Peter Walker and Eleni Courea 

Ex-Labour minister calls for wealth tax and public investment in June spending review

Exclusive: Ex-minister to call for wealth tax, and Andy Burnham to demand focus on housing and education
  
  

Louise Haigh and Andy Burnham
Louise Haigh and Andy Burnham will make their interventions in speeches at an event taking place on Saturday. Composite: Getty Images

Next month’s spending review must be an “economic reset” based on a bold wealth tax and higher public investment, the former cabinet minister Louise Haigh has said, as Keir Starmer faces renewed pressure from within Labour to change course.

Haigh’s comments came as Andy Burnham called for Labour to “re-establish itself unequivocally once again as the party of working-class ambition” with ambitious offerings on housing and education.

Burnham, the mayor of Greater Manchester, said ministers should allow mayors to build on public land, and set a target for the point at which more new social homes are being built than existing ones are sold off.

Haigh and Burnham made their interventions on Saturday at an event organised by the Labour-allied thinktank Compass at the Ministry of Sound, a nightclub in London.

Haigh, who quit the cabinet in November after it emerged she had been convicted of fraud over a missing work phone, reiterated her call for a wealth tax after the local election results from 1 May, which she called “a warning” from voters that they wanted bolder policies.

“The spending review must be a moment for an economic reset. I welcome the prime minister’s review of winter fuel changes but we must go further, ripping up our self-imposed tax rules and taxing the country’s vast wealth,” she said.

Haigh said the current tax system “punishes earned income but barely touches the sides of the real driver of inequality – wealth”. It is time to “finally move beyond a broken model where working people’s wages are topped up by tax credits and benefits, leaving bad employers and landlords to profit”, she said.

“It’s about moving from a system of handouts for the rich to real investment for everyone else. We need real reform: a proper wealth tax that rewards work, closes loopholes and finally gives us the means to invest in the NHS, schools and our communities.”

Burnham said the spending review “will define the rest of this parliament”, and called for Labour to focus on ways it can positively combat the electoral threat from Reform UK.

“Rather than standing for the status quo, the time has come for the party to re-establish itself unequivocally once again as the party of working-class ambition, shedding the perception in the Midlands and the north of a London-centric, university-oriented party,” Burnham said.

He argued that this would require a particular focus on housing and education, to particularly address “the single biggest cause of Britain’s modern malaise: a housing crisis caused not by immigration but by ideology”.

The Thatcher-era right-to-buy policy, without investment in new social homes, “shattered the foundations on which generations of working-class British families built better lives”, Burnham said.

“Labour’s clarion call should be to free Britain from the grip of the housing crisis.
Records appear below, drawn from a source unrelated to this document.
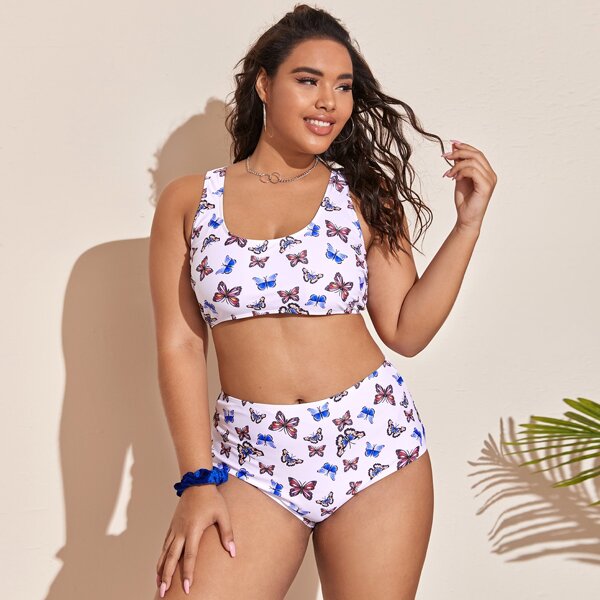 

Plus Butterfly Print High Waisted Bikini Swimsuit, Multicolor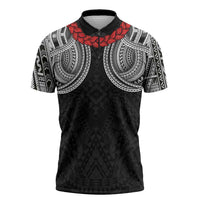 Samoan Traditional Art Tattoos Zipper Polo Shirt Tatau Tribal Motifs with Ula Fala Black - Polynesian Pride
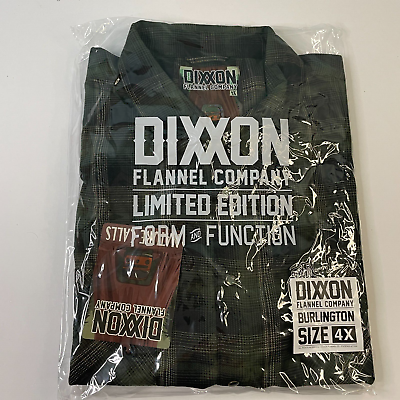 #ad Dixxon Burlington Flannel Shirt Mens 4XL Green Plaid Long Sleeve Form amp; Function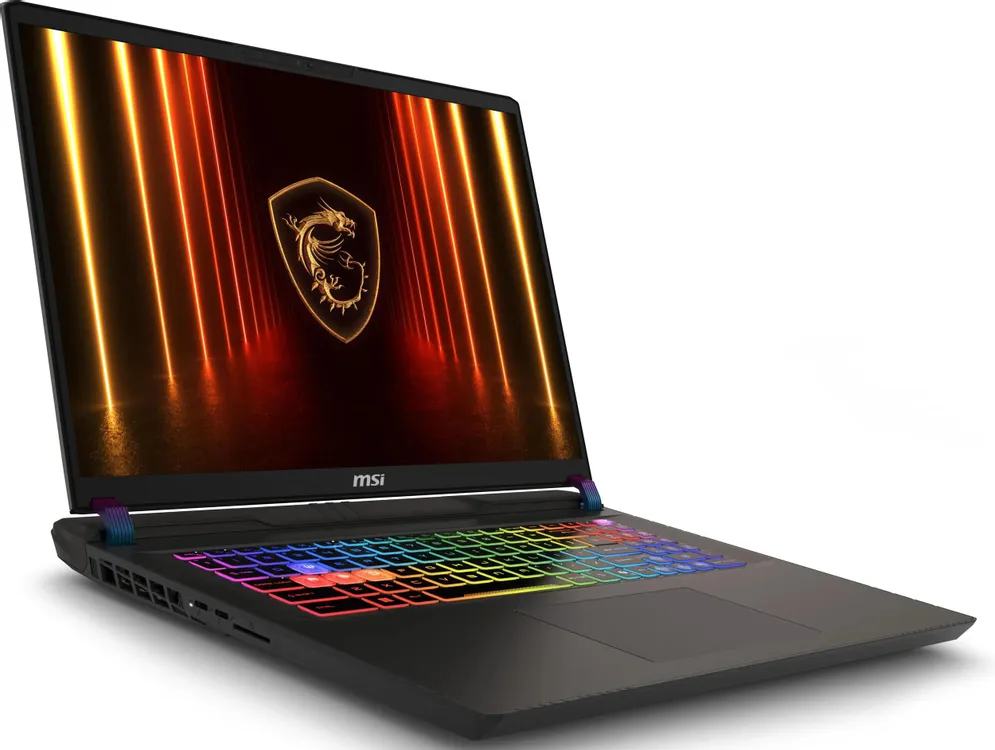 MSI Vector 17 HX AI A2XWIG игровой ноутбук с RGB-подсветкой клавиатуры и логотипом дракона на экране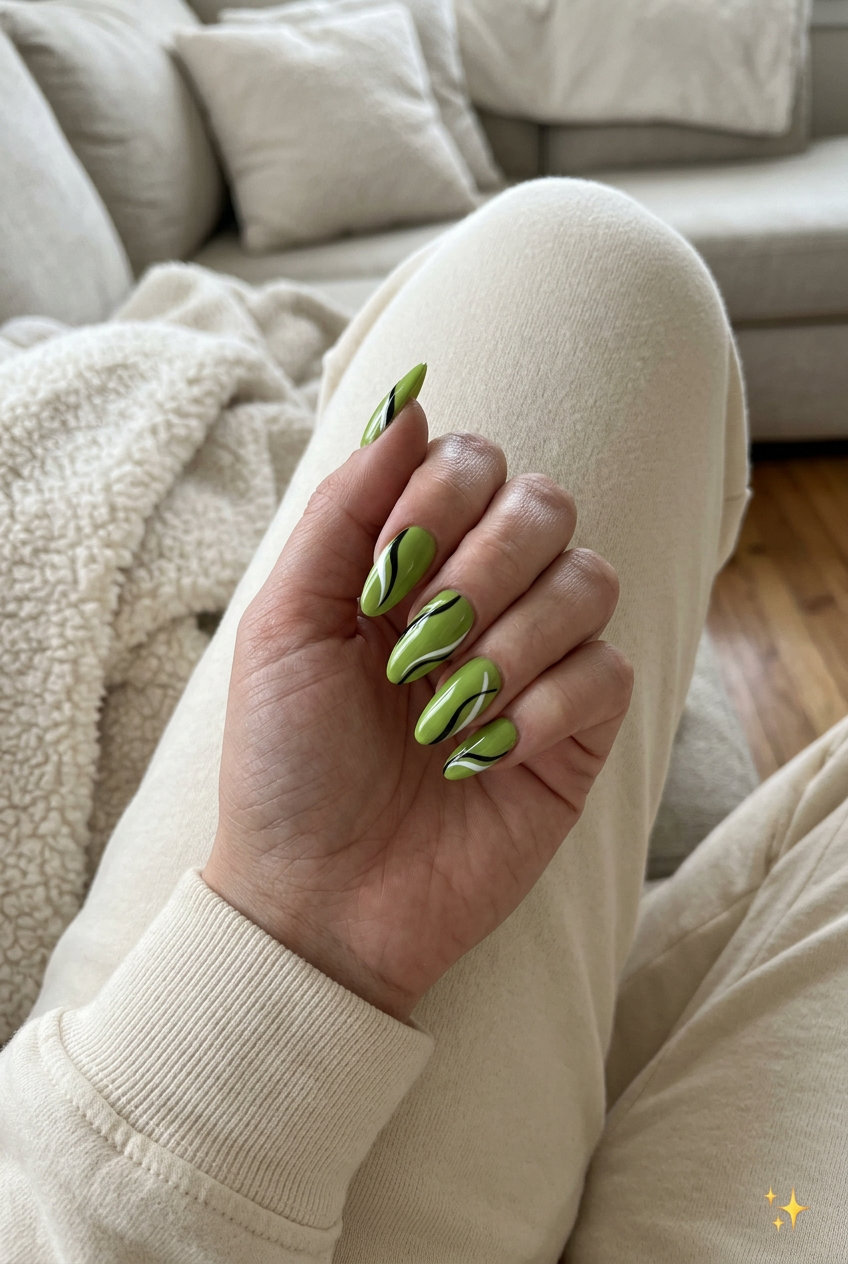 Lime Zest Abstract Lines: vibrant lime green with black & white art, an edgy summer nail color 2026 for parties.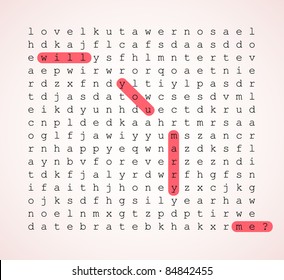 Wedding card - word search puzzle with highlighted question - will you merry me?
In this spending review, working with mayors in the big city regions, it should set the date by which each will reach the crucial tipping point of building more social homes than they are losing.

“This is the moment when, instead of tightening its grip, the housing crisis starts to ease. To do that, the spending review should unlock public land for mayors to use to build a new generation of council homes at pace – akin to the drive of the postwar Labour government.”

Angela Rayner, the deputy prime minister and housing secretary, has already announced plans to restrict right to buy and has pushed for more investment in social homes, but as yet this has done little to ease the housing crisis.

Other speakers at the Compass-run event included Mark Drakeford, the former first minister of Wales, the Labour MPs Rachael Maskell and Simon Opher, and the junior energy minister, Miatta Fahnbulleh.